I found myself thinking a lot about that TV show, “How I Met Your Mother” while I was trying to discern the heck the good news was in this week’s gospel. How many of you have seen this show? All right, the premise is that every episode is a story that one of the main characters is telling his kids that reveals a little bit more about, how he met their mother. The opening clip is always of two kids sitting on a couch with slightly glazed expressions, while a voiceover says something like, “I didn’t know it then, but that was the first time I would be in the same room as your mother.” And then the action of the show would unfold, with this main character in the center of it, always worried that he wasn’t going to meet someone he would marry, that he’d never have kids, that the things he wanted would never really pan out. And all the time, of course, we know that it does work out for him.
That’s sort of what it’s like to be a Christian. We live in a time of right now, and not yet as we wait for God’s kingdom. Like the guy in “How I Met Your Mother,” we worry about this peace that we want but don’t yet have, and we look around at all our divisions and breakups and wonder how God’s promises are ever going to be fulfilled. Like the people Jesus was talking to today, we aren’t always faithful in interpreting the signs to tell the story of how God is saving us all. But despite our doubts, we are always moving toward that reality, that faith, that peace that we hope for, but right now, only glimpse, as in a mirror dimly.
In this place of right now and not yet, maybe we can occupy the middle ground by remembering that Jesus calls us to love one another, not to agree with one another. Instead of hiding our conflicts, maybe we can talk about them with one foot in our bound consciences and the other in Christ-like love.
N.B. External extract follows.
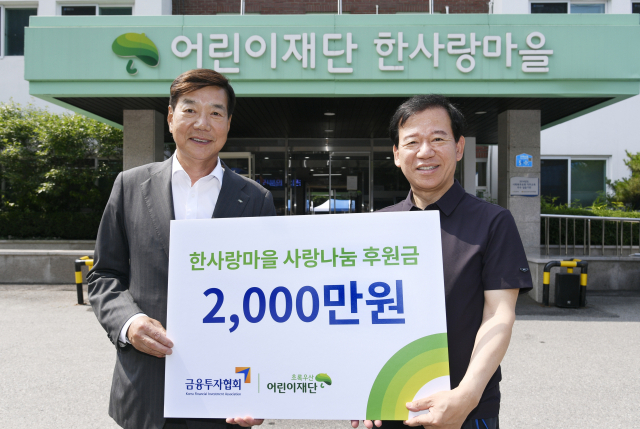 서유석(오른쪽) 한국금융투자협회장이 13일 경기 광주 한사랑마을에서 황영기 초록우산어린이재단 회장에게 기부금 2000만 원을 전달하고 있다. 사진제공=금투협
Here’s what that might look like. There is a young 20-something who gets up early every Sunday morning, kisses her sleeping husband, and drives an hour into rural West Virginia to make it to her church. This young woman, Alise, drives her van—covered in Human Rights Campaign and Obama stickers, into a parking lot full of conservative pickup trucks. She recognizes that she doesn’t fit in to the church—not into the political atmosphere, not into the age range, not even, sometimes, into the prevailing theology. But, she says, this church is her home.
The owner of a local bed and breakfast who brings in flowers every Sunday never fails to give me a hug. The Christian school teacher asks me how things are going with my book writing. The man who helps run the children’s archery program stops me to let me know that he’s praying for the women at Beginning of Life with me. The pastor’s wife calls me beautiful and the pastor always thanks me for being a part of the family.
I don’t fit in, she says, but I am loved.
I wonder if that ethos of love can come to define our church, more than either peace or division does. I wonder if our emphasis can shift from looking the same, believing the same, practicing the same, to admitting that we are all so totally different, but Christ died the same for all of us. I wonder if the strength we draw from that love can enable us to love each other so well that conflict doesn’t scare us anymore, because it’s just another episode that brings us one step closer to the time when Christ comes again, bringing in that reign of peace we’re so desperately thirsting for.
But no matter how many mistakes we make, when Christ comes again, in addition to the healing of the nations and the chorus of seraphs singing endless songs of praise, there will be a moment in the action where the angels fall silent while God is wiping the tears from our eyes, and we are together, and perfect, and beloved in God’s sight, and at peace: and God smiles at us and says, “And that, kids, is why I sent my beloved Son to save you all.”